Caption-style text data:
────────────────────
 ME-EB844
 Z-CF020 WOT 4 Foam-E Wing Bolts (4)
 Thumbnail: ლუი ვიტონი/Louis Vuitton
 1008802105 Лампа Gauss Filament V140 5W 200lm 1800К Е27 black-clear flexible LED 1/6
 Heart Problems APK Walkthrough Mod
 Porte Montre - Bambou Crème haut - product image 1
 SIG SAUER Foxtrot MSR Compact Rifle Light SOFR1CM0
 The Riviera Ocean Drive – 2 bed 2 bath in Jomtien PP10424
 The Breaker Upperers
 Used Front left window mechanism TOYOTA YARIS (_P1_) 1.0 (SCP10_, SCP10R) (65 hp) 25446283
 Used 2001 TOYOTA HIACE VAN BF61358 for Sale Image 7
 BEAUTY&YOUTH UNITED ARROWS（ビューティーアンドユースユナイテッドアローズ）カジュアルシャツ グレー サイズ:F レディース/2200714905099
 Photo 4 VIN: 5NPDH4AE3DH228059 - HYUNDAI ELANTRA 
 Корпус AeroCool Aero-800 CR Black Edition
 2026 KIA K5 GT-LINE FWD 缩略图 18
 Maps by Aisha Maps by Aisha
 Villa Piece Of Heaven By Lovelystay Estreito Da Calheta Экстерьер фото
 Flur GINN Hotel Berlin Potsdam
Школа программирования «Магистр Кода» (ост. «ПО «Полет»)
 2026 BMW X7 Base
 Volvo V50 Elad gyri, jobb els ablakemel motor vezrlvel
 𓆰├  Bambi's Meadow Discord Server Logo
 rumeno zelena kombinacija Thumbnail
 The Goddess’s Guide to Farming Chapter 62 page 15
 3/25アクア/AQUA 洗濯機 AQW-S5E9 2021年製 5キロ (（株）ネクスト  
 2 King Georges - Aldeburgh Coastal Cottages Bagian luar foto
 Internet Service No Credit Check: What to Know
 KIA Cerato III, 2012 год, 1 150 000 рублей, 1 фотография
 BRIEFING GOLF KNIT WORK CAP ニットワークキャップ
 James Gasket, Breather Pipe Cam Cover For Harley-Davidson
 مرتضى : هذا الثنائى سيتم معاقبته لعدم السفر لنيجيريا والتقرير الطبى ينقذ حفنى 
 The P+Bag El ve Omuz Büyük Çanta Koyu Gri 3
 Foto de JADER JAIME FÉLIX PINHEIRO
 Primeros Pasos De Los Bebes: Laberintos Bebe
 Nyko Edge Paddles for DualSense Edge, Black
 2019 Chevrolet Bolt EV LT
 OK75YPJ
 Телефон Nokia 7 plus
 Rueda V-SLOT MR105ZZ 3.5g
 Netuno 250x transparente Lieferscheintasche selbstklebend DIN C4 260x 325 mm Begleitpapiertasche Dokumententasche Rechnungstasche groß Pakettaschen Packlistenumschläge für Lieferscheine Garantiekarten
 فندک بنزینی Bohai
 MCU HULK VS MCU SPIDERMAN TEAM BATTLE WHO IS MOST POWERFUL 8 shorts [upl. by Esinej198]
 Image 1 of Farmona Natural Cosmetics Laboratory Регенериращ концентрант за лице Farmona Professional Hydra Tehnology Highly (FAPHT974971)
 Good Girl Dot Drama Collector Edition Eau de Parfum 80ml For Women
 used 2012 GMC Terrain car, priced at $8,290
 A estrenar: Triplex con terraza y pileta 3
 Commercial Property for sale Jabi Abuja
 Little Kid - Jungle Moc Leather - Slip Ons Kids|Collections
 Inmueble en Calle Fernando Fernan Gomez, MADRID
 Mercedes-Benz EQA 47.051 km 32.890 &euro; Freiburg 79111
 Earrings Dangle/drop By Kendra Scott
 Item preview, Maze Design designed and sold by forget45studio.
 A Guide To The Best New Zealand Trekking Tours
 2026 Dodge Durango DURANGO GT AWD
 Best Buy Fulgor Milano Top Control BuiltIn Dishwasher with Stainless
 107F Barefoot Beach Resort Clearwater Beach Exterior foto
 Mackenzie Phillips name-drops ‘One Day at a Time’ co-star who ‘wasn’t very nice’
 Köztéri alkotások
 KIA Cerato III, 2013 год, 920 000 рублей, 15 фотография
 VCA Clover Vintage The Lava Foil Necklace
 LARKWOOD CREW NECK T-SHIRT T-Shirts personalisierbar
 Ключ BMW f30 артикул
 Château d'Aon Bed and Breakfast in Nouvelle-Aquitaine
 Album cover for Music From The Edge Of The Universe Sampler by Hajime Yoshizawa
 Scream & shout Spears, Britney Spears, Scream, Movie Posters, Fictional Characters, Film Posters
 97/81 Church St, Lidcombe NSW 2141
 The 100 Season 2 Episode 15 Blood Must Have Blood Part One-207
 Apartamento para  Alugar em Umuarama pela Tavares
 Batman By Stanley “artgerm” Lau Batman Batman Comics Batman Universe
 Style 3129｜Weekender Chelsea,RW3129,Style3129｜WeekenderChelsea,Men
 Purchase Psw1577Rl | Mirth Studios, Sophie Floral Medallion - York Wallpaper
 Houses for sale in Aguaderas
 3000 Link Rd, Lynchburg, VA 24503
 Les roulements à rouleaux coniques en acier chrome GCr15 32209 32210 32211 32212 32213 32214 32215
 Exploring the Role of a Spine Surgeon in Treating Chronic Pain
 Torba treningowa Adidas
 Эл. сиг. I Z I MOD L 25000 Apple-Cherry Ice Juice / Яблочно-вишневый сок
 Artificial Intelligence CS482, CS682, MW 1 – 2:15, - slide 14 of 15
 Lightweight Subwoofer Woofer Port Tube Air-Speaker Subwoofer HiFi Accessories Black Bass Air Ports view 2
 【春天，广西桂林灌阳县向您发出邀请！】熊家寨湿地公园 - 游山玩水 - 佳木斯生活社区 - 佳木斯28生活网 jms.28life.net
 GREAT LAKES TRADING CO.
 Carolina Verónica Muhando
────────────────────
Problem description
Please return the lines above that run from the line containing "2019 Chevrolet Bolt EV LT" to the line containing "Little Kid - Jungle", inclusive, exactly and with no other lines.

Solution to this problem
 2019 Chevrolet Bolt EV LT
 OK75YPJ
 Телефон Nokia 7 plus
 Rueda V-SLOT MR105ZZ 3.5g
 Netuno 250x transparente Lieferscheintasche selbstklebend DIN C4 260x 325 mm Begleitpapiertasche Dokumententasche Rechnungstasche groß Pakettaschen Packlistenumschläge für Lieferscheine Garantiekarten
 فندک بنزینی Bohai
 MCU HULK VS MCU SPIDERMAN TEAM BATTLE WHO IS MOST POWERFUL 8 shorts [upl. by Esinej198]
 Image 1 of Farmona Natural Cosmetics Laboratory Регенериращ концентрант за лице Farmona Professional Hydra Tehnology Highly (FAPHT974971)
 Good Girl Dot Drama Collector Edition Eau de Parfum 80ml For Women
 used 2012 GMC Terrain car, priced at $8,290
 A estrenar: Triplex con terraza y pileta 3
 Commercial Property for sale Jabi Abuja
 Little Kid - Jungle Moc Leather - Slip Ons Kids|Collections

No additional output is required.